【第1話】色彩のない魔法使いと、三秒先の輝き
王宮魔導師、アルヴィス・フォン・アストレア。
彼はこの国で最も美しく、そして最も「欠落した」男だと言われている。
白銀の髪に、冷徹なまでに透き通った銀色の瞳。
彼が指先を振るえば、荒れ狂う嵐さえも瞬時に静まる。けれど、彼自身の心には凪さえも訪れない。なぜなら、彼には「感情」という概念が理解できないからだ。
「エレン。また予知が当たったな。私のティーカップには、毒ではなく単なる淹れすぎた茶葉の苦味が含まれていた」
無機質な声が、ひんやりとした執務室に響く。
私は彼に差し出したトレイを抱え直し、小さく溜息をついた。
「アルヴィス様、それは予知ではありません。茶柱が立っていたから、今日は良いことがあるとお伝えしたかっただけです」
「ほう。茶柱という物理現象が、私の精神状態に好影響を与えるという相関関係か。
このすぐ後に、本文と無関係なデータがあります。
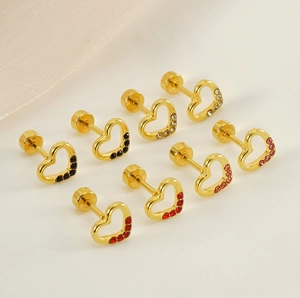 Macro detail of gold heart earrings set with colorful rhinestones in an elegant layout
理解に苦しむな」
彼は淡々と、苦い茶を喉に流し込む。
私、エレンには少しだけ特別な力がある。
ほんの数秒先、長くても十秒後の「未来」が、映画のワンシーンのように脳裏をよぎるのだ。
この力のせいで、私は周囲から「気味が悪い」と遠ざけられてきた。
けれど、この「感情の色」が煙のように視えるという魔法使いだけは、私の力を『極めて効率的な探知機』として重宝してくれた。
「……三秒後」
ふと、私の視界が明滅した。
脳裏に、アルヴィスの美しい顔が苦痛に歪み、窓ガラスが粉々に砕け散る映像が流れる。
「アルヴィス様、伏せて!!」
私はトレイを投げ出し、彼の背中にしがみつくようにして床へ押し倒した。
直後、凄まじい衝撃音とともに窓ガラスが弾け飛び、魔導具の暴走による熱線が、さっきまで彼が座っていた椅子の背もたれを焼き焦がした。
部屋を覆う砂埃と、割れたガラスの音。
密着した体温。私の腕の中で、アルヴィス様は瞬き一つせずに私を見上げていた。
「……今のは、暗殺の予兆か?」
「いえ、隣の演習場の魔法が逸れたみたいです……。怪我は、ありませんか?」
私は震える声で問いかけた。
彼はゆっくりと起き上がり、私の頬についた小さな切り傷を、長い指先でなぞった。
「私には、他人の感情が色で見える。今の君の周りには、見たこともないほど鮮やかで、ひどく騒がしい桃色の煙が立ち込めている」
彼の指が触れた場所が、熱い。
「これは、何という感情だ? 恐怖か? それとも——」
彼は首を傾げ、私の瞳をじっと覗き込んだ。
その瞳に映る私は、顔を真っ赤にして、今にも泣き出しそうな顔をしていた。
「分かりません。……アルヴィス様が、ご自分で見つけてください」
三秒後の未来。
彼が私の手を取り、「次の実験を手伝え」と命じる未来が見えた。
けれど、その時の彼の声が、いつもよりほんの少しだけ柔らかいことまでは、未来視の力でも予測できなかった。